Just out of interest do you miss the Formula 1 of the 70s and 80s aswell, when it was much more dangerous plus the glamour girls? Things move on. I'm nostalgic about the surges of the North Stand and the "danger" of the aways of my youth but would I want it back? Probably not.
I'm sure there are F1 fans who would vastly prefer that to watching noiseless hybrid turbos procession round a car park in a corrupt rich persons plaything like in Sochi or Qatar.
In reality there are good and bad things about all eras.
Take snooker from that time. I recently watched the iPlayer documentary about Higgins, White and the Matchroom Mob. Some of it was awful. The cigarette adverts are literally from another era. You've got White and Kirk Stevens addicted to coke, Alex killing himself with drink. And yet, it gripped the nation in a way that the English Open on Eurosport never will. Only O'Sullivan plays like that now, say what you like aboit White and Higgins, you didn't have to be a snooker player to appreciate it, they were box office entertainment. So then Hearn and satellite media saw this and started to monetise it, and the clean cut, dedicated players came to the fore and it was somehow both more a marketable product and less good.

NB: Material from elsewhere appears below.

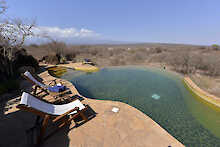 Luftaufnahme der Landschaft um das Elerai Camp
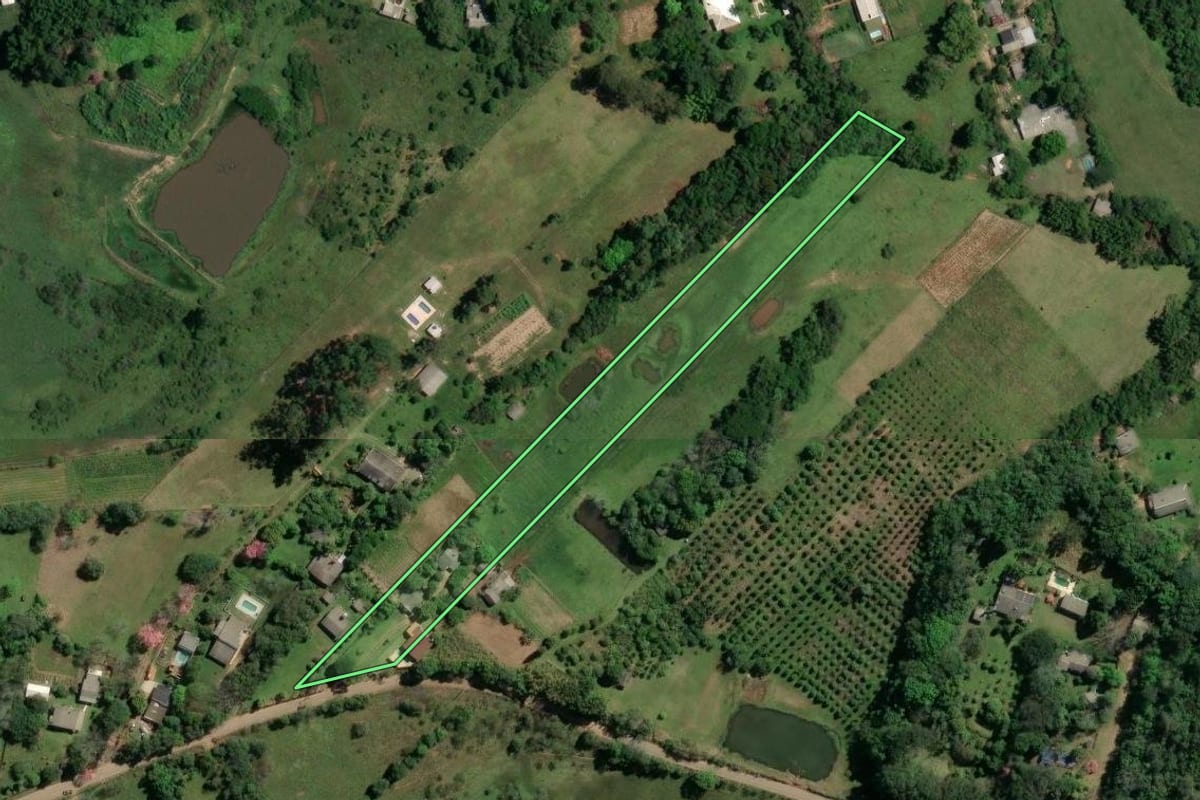 Imagem de satélite do imóvel rural em Gravataí (RS), com o contorno declarado no CAR desenhado por cima.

Same with cricket. Look back at batsman facing the likes of Lillee or Holding, helmetless, within an inch of losing their lives but also, occasionally, taking it back to the quicks and hooking them for 4 and six, wearing not much more than some flares and basic padding. Incredibly glamourous, violently dangerous and often (if Tavere or Boycott were batting) surrounded by four and a half days of absolute nothingness. So what did we do? We stripped out the four and half days of nothing, wrapped the batters in cotton wool so no one sued and distilled cricket down to 20 overs of sixes, yorkers and bouncers. All killer, no filler, no danger and brought to you in conjunction with Mastercard, Ford and Vitality.
Football cannot be distilled down to a product. It has to keep the working man involved, Again, Sky took it on because of the fans not in spite of them. Look at lockdown football. How shit was that? Very. The fans must stay in touch with the game and the game must stay in touch with the fans.
None of that at all gives a bunch of pissed up dildos the right to hit each other at a football ground though.